• _Work instruction_
A word-for-word copy of the records that follow is needed, with every picture omitted.
---*---
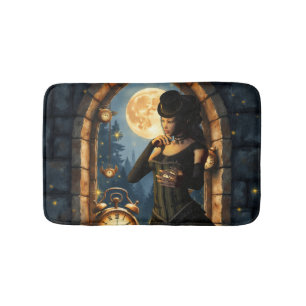 Princess of the Clocks – Keeper of Moonlit Hours.  Bath Mat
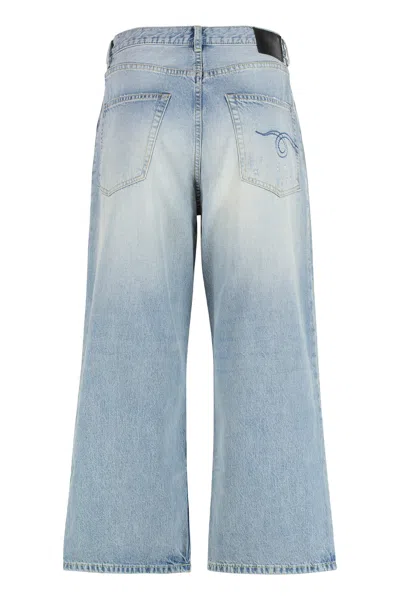R13 D'arcy Wide-leg Jeans In Blue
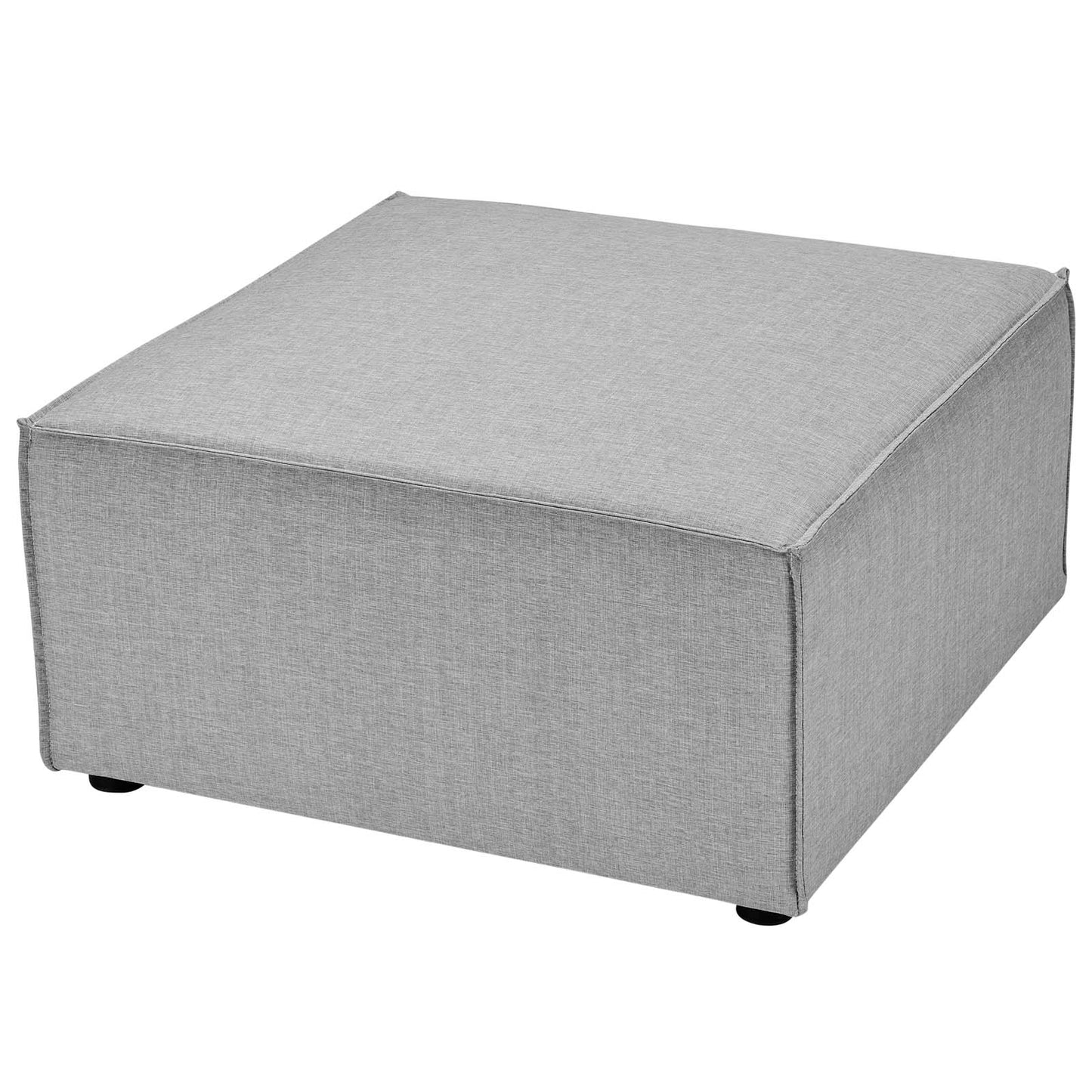 Saybrook Outdoor Patio Upholstered Sectional Sofa Ottoman, Fabric, Grey Gray, 19530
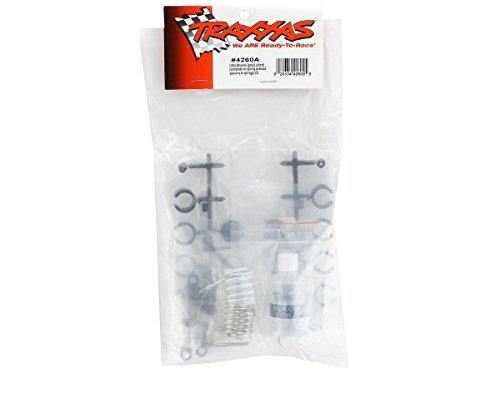 Traxxas 4260A Ultra Shocks (grey) (short) (complete w spring preload spacers & springs) (2) -Discontinued - Excel RC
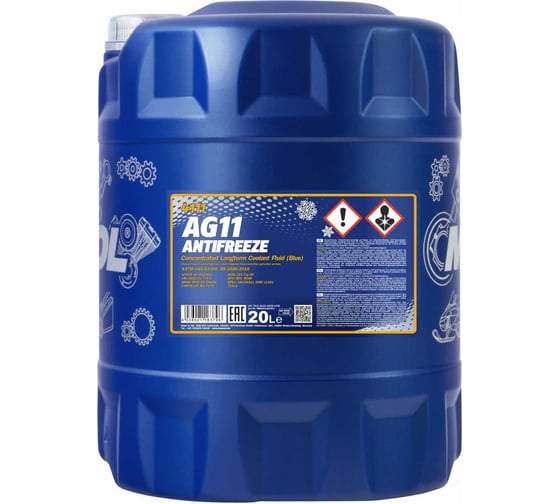 Изображение товара Антифриз-концентрат MANNOL ANTIFREEZE LONGTERM AG11, 20 л, синий 411120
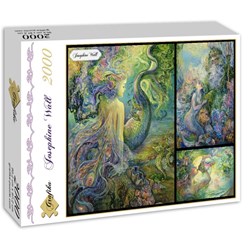 Grafika (00869) - Josephine Wall: "Collage Josephine Wall" - 2000 Teile Puzzle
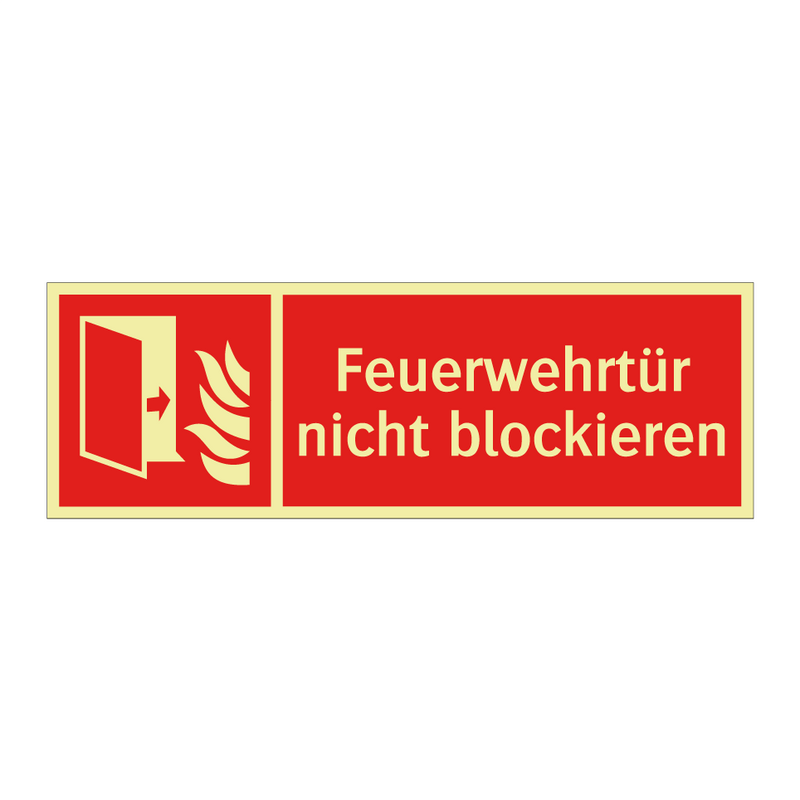 Feuerwehrtür nicht blockieren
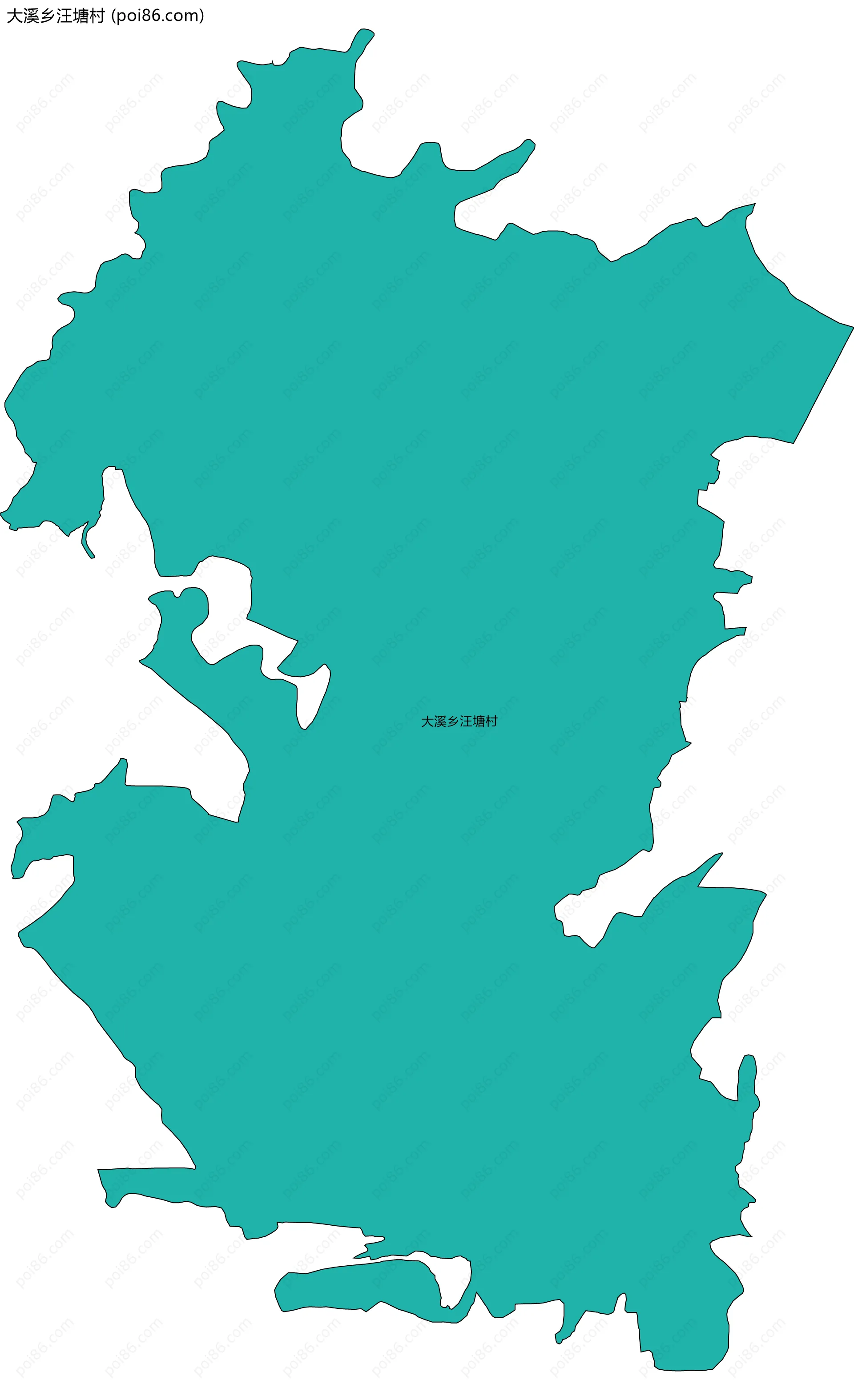 大溪乡汪塘村边界地图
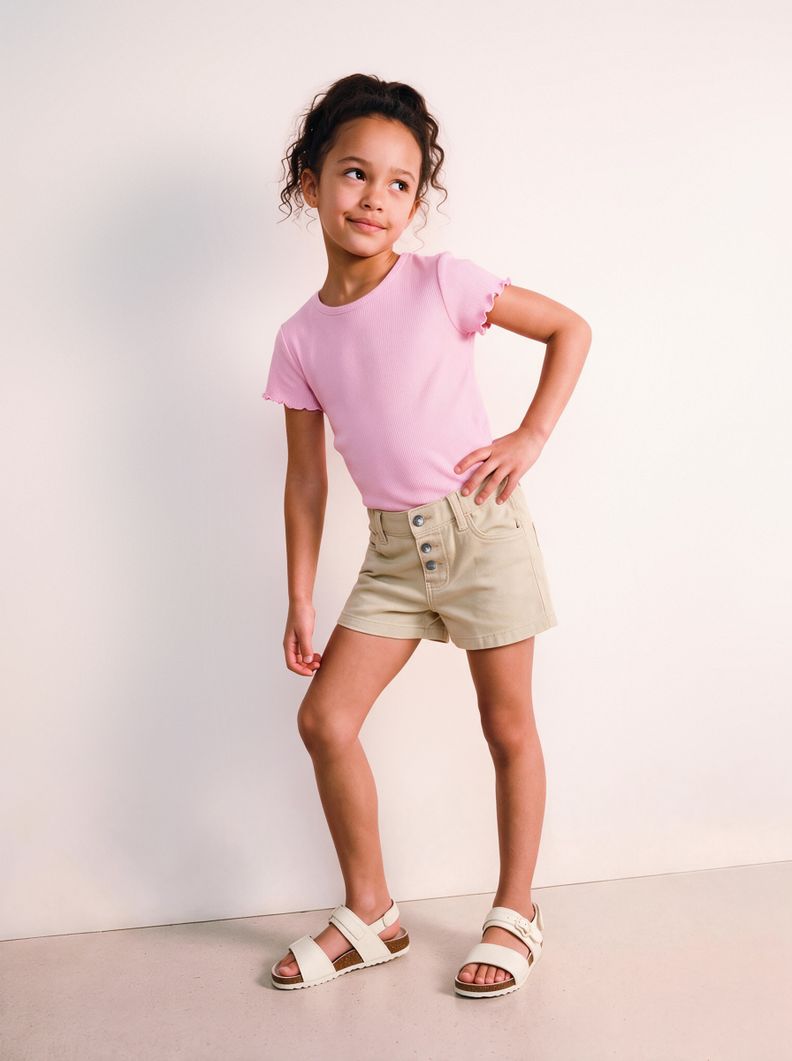 Short Color Botones Denim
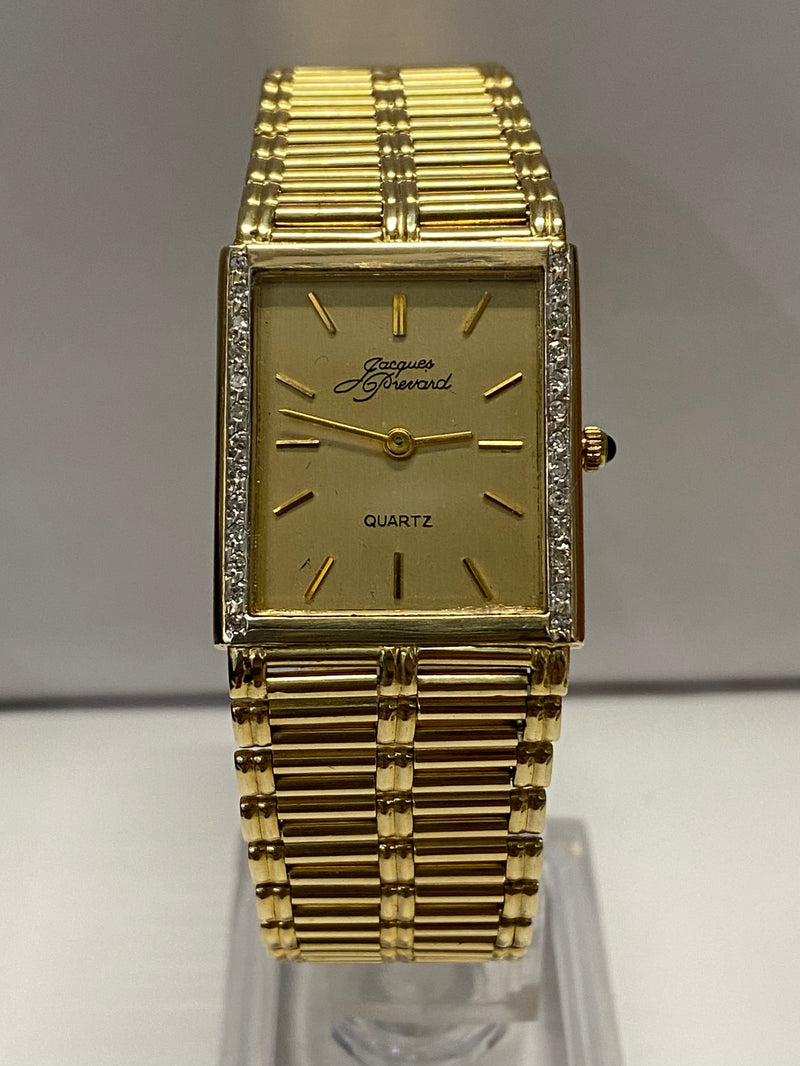 JACQUES PREVARD Beautiful Solid Gold w/ Diamonds Unisex Watch - $20K APR w/ COA! APR57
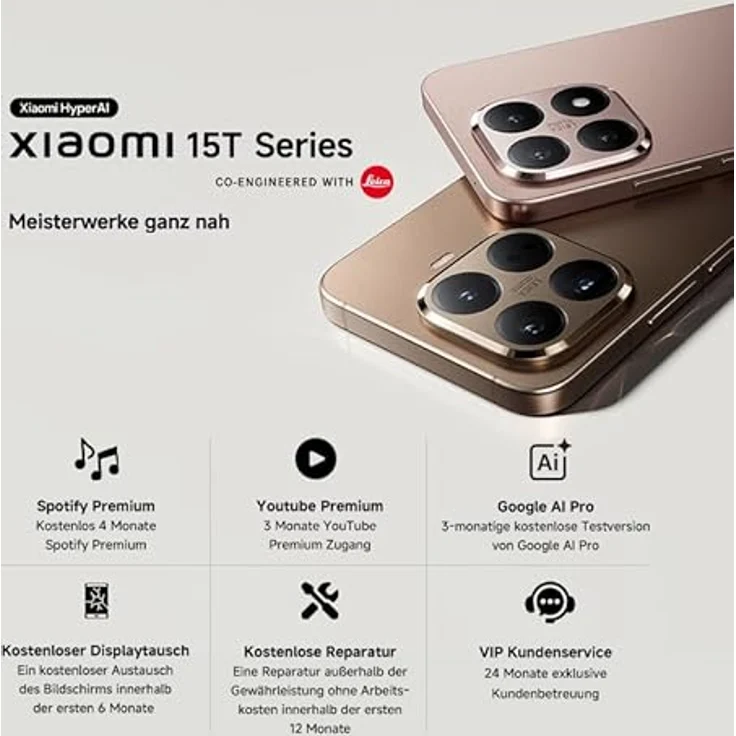 XIAOMI 15T, Smartphone 12+256GB, 6,83" 120Hz Display, MediaTek Dimensity 8400-Ultra, 50MP Leica Objektiv, 5500mAh, Rose Gold, 2 Jahre Garantie – Bild 5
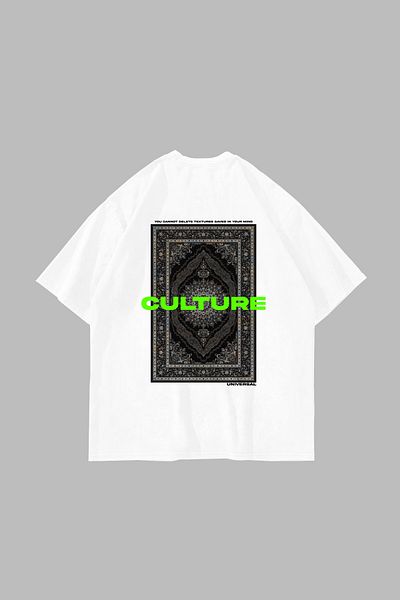 Sekizbiraltı Λευκό μπλουζάκι Unisex Premium με στάμπα Culture Ethnic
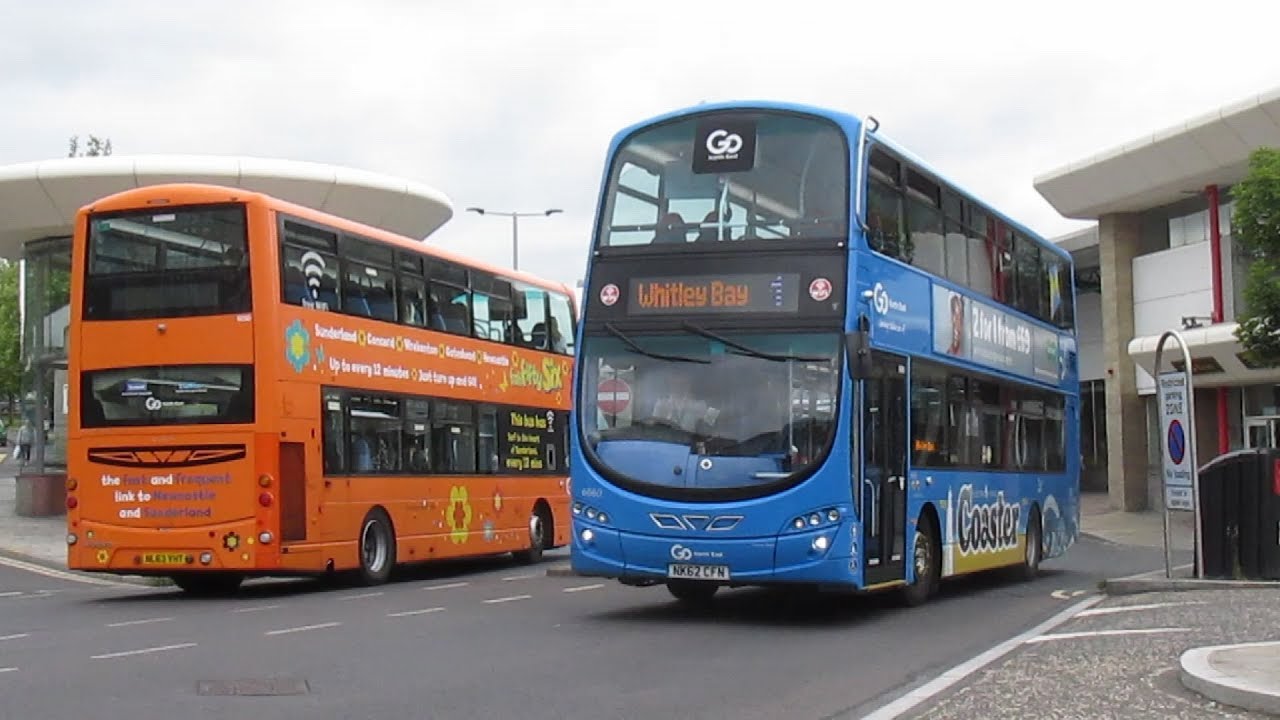 Buses at Gateshead Interchange July 2018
---*---
• _Response to this task_
 Princess of the Clocks – Keeper of Moonlit Hours.  Bath Mat
R13 D'arcy Wide-leg Jeans In Blue
 Saybrook Outdoor Patio Upholstered Sectional Sofa Ottoman, Fabric, Grey Gray, 19530
 Traxxas 4260A Ultra Shocks (grey) (short) (complete w spring preload spacers & springs) (2) -Discontinued - Excel RC
 Изображение товара Антифриз-концентрат MANNOL ANTIFREEZE LONGTERM AG11, 20 л, синий 411120
 Grafika (00869) - Josephine Wall: "Collage Josephine Wall" - 2000 Teile Puzzle
 Feuerwehrtür nicht blockieren
 大溪乡汪塘村边界地图
 Short Color Botones Denim
 JACQUES PREVARD Beautiful Solid Gold w/ Diamonds Unisex Watch - $20K APR w/ COA! APR57
 XIAOMI 15T, Smartphone 12+256GB, 6,83" 120Hz Display, MediaTek Dimensity 8400-Ultra, 50MP Leica Objektiv, 5500mAh, Rose Gold, 2 Jahre Garantie – Bild 5
 Sekizbiraltı Λευκό μπλουζάκι Unisex Premium με στάμπα Culture Ethnic
 Buses at Gateshead Interchange July 2018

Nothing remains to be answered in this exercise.